8 Weeks with Claude and NLP++ – Natural Language Understanding Global Initiative

For eight weeks I worked alongside Claude to build version 3 of the NLP Engine and its VS Code extension. Together we landed hundreds of commits across more than a dozen repositories: new functions in the NLP++ language, cross-platform fixes, one-click Cloudflare/GitHub compilation, old RoboHelp documentation converted to Markdown, coordinated updates across eight repositories, a new Help tab, and scaffolding for more than 40 NLP++ information extractors.

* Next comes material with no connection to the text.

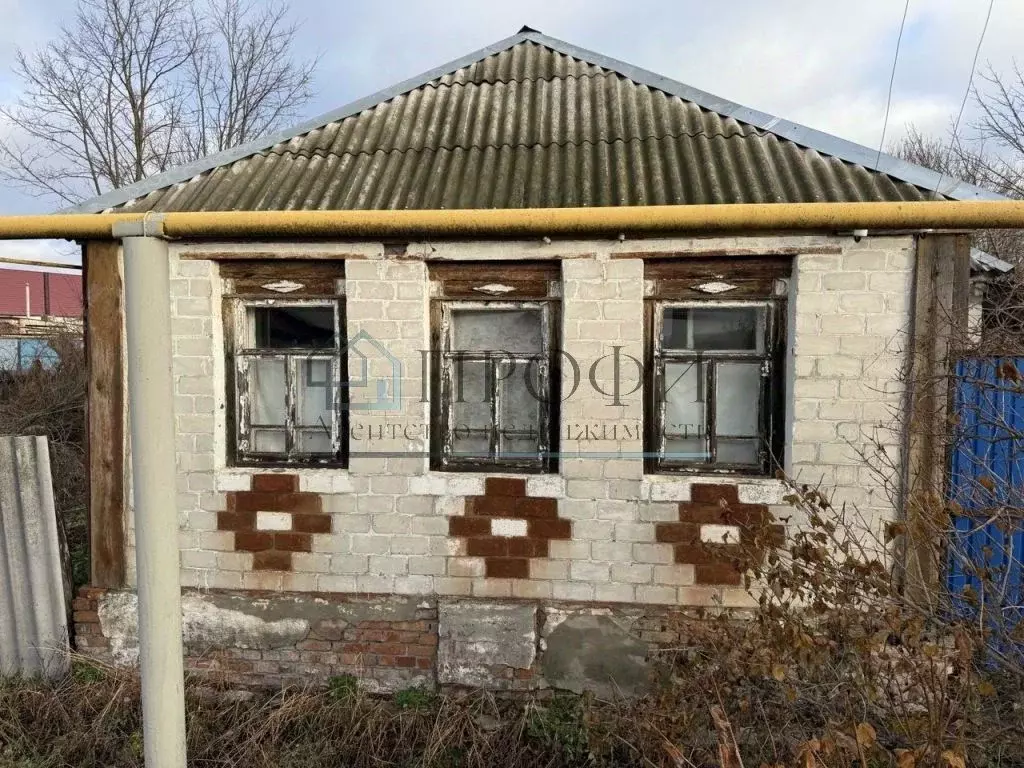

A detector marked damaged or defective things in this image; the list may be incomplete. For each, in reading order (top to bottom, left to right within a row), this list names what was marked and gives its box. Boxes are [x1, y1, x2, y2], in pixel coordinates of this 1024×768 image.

rusty window frame [228, 296, 348, 468]
rusty window frame [432, 301, 561, 475]
rusty window frame [647, 299, 782, 475]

Claude was a force multiplier through all of it — call it five to ten times my normal output. It was great at working with our existing C++ NLP Engine and our existing TypeScript NLP++ language extension.

But could it write NLP++? This is my journey to the answer.

My Road to LLM Force Multiplying

Let’s be honest: NLP++ is still a fairly rare language. There is very little NLP++ code on GitHub compared with the massive amount of code in C++, TypeScript, or Python. So the question became: can Claude write NLP++ effectively? Can it help? How can it help? And can it be a force multiplier for those who don’t know NLP++ but who want to build deterministic NLP analyzers and gain all the advantages that come with them?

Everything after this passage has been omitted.